What is CVE-2026-55255 in Langflow?

CVE-2026-55255 is a critical insecure direct object reference (IDOR) flaw in Langflow rated CVSS 9.9. It lets any authenticated user execute another user's flow by sending that flow's ID to the /api/v1/responses endpoint, which runs the flow without checking ownership.

Which Langflow versions are affected and what is the fix?

All Langflow releases from 0.0.31 through 1.9.0 are affected. The fix shipped in version 1.9.1, which enforces an ownership check on both the flow-ID and endpoint-name lookup paths. Upgrade to 1.9.1 or later to close the issue.

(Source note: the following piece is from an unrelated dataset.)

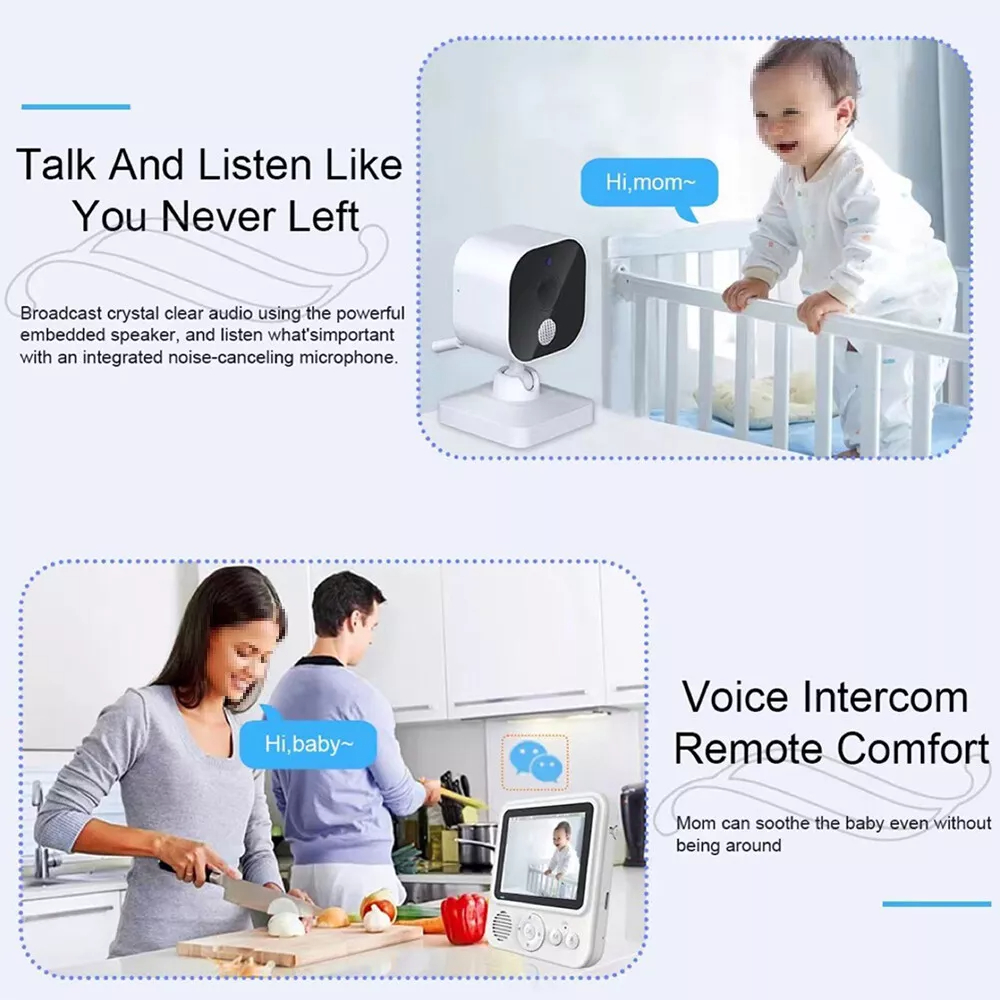 2.8 Inch 1080P Wireless Baby Monitor with Camera,Two-Way Talk Audio Video,IPS Screen,Baby Cry Sound Temp Detection For Babysitter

Is CVE-2026-55255 exploitable without an account?

No. The attacker needs a valid Langflow account and API key, so a single-user install is low risk. On a shared or multi-tenant instance, however, any tenant can run any other tenant's flow, which makes it a genuine cross-user breach.

Why is the impact rated so high if it needs authentication?

The score reflects scope change. Langflow flows are wired to OpenAI, Anthropic, AWS, and database credentials, so executing another user's flow runs code against their connected systems and data. The attacker uses the victim's secrets without ever seeing them.

Has Langflow had other authorization bugs in 2026?

Yes. CVE-2026-55255 follows CVE-2026-34046 and CVE-2026-33760, both missing-ownership flaws on other Langflow endpoints, plus an unauthenticated remote code execution bug (CVE-2026-33017) that was exploited within roughly 20 hours of disclosure. The pattern is repeated broken object-level authorization.